Your task is to analyze an existing recommender system that you find interesting. You should:
Perform a Scenario Design analysis as described below. Consider whether it makes sense for your selected recommender system to perform scenario design twice, once for the organization (e.g. Amazon.com) and once for the organization’s customers.
Attempt to reverse engineer what you can about the site, from the site interface and any available information that you can find on the Internet or elsewhere.
Include specific recommendations about how to improve the site’s recommendation capabilities going forward.

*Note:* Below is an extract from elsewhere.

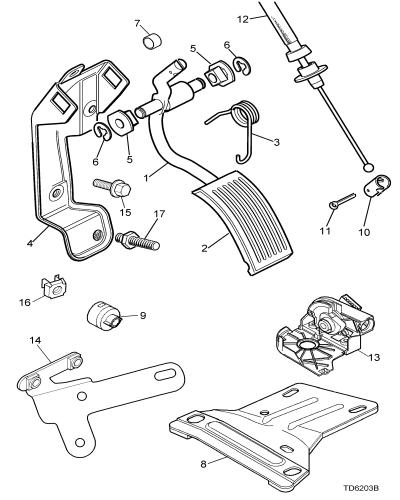 jaguar epc image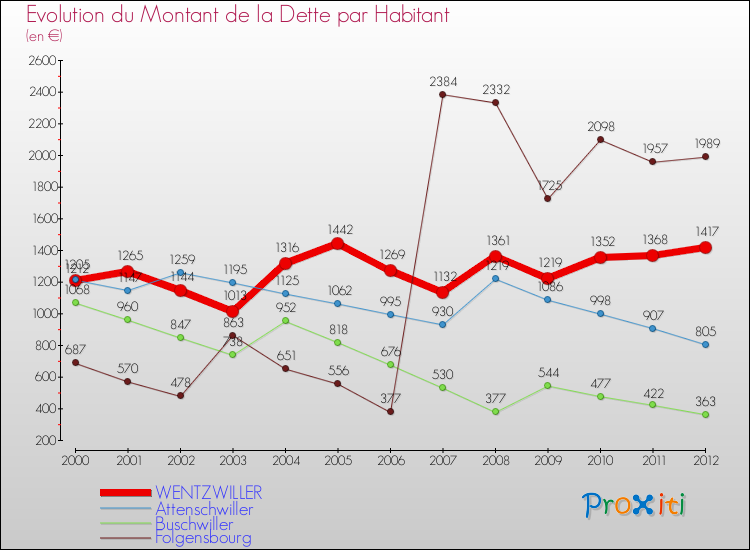 Evolution de la dette par habitant pour la commune de WENTZWILLER et les communes proches de 2000 à 2012 Comparaison de la dette par habitant pour WENTZWILLER et les communes voisines de 2000 à 2012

Create your report using an R Markdown file, and create a discussion thread with a link to the GitHub repo where your Markdown file notebook resides. You are not expected to need to write code for this discussion assignment.
Definition:
Collaborative filtering (CF) is a recommender systems technique that helps people discover items that are most relevant to them.
What are the target users?
Facebook’s average dataset for CF has:
- 100 billion ratings
- more than a billion users
- millions of items
What are their key goals?
Facebook uses historical item ratings of like-minded people to predict how someone would rate an item. This might include pages, groups, events, games, and more. CF is based on the idea that the best recommendations come from people who have similar tastes.
How can you help them accomplish their goals?
- By better matrix factorization or by parent/child tree implementation
- By better item mapping and iterations
- By smart partitioning and provisioning to reduce huge amount of network traffic
Item recommendation computation:
In order to get the actual recommendations for all users, we need to find items with highest predicted ratings for each user. When dealing with the huge data sets, checking the dot product for each (user, item) pair becomes unfeasible, even if we distribute the problem to more workers. We needed a faster way to find the top K recommendations for each user, or a good approximation of it.
One possible solution is to use a ball tree data structure to hold item vectors. A ball tree is a binary tree where leafs contain some subset of item vectors, and each inner node defines a ball that surrounds all vectors within its subtree.